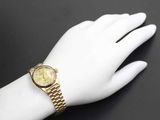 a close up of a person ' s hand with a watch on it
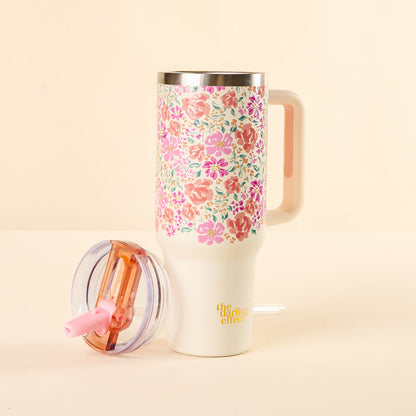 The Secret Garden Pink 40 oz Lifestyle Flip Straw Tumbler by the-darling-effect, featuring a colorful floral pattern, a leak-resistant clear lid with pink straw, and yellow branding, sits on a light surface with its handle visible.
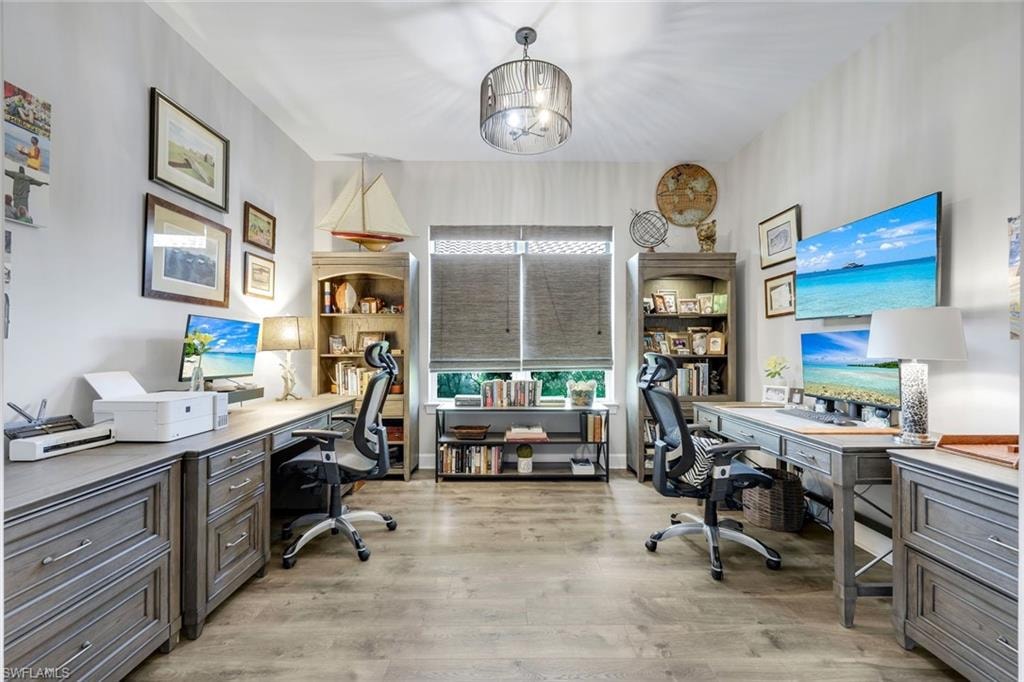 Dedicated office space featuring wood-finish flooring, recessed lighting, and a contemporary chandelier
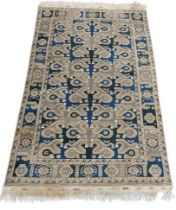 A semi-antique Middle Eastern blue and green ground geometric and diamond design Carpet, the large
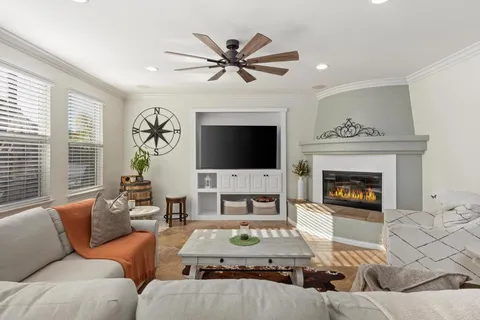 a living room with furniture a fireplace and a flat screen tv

==

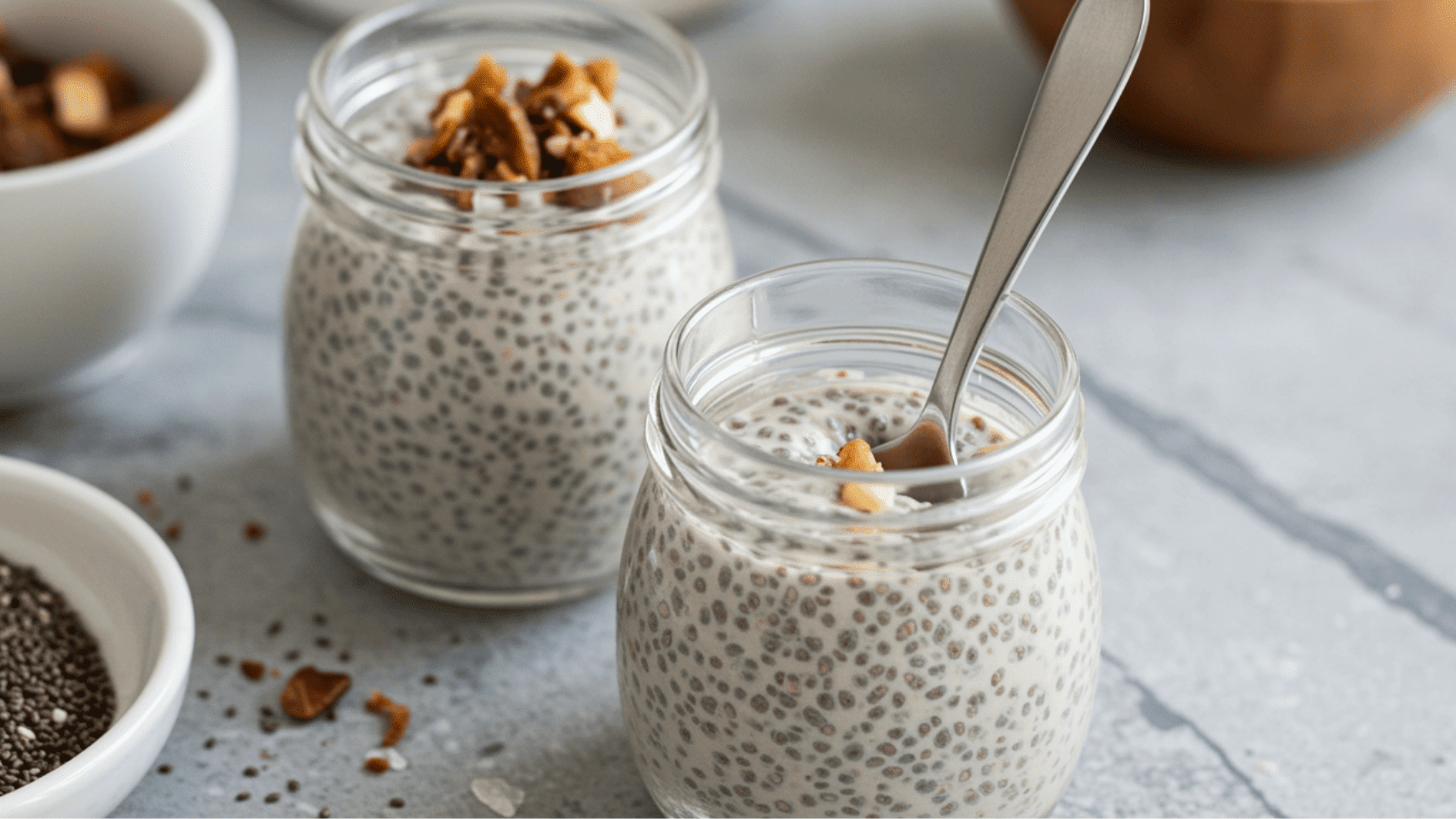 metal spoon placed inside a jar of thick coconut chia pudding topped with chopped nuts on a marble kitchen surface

» Exercise prompt
Set down word for word the lines above from the one with "Dedicated office space" up to and including the one with "A semi-antique Middle". Omit every picture.

» Written reply
 Dedicated office space featuring wood-finish flooring, recessed lighting, and a contemporary chandelier
 A semi-antique Middle Eastern blue and green ground geometric and diamond design Carpet, the large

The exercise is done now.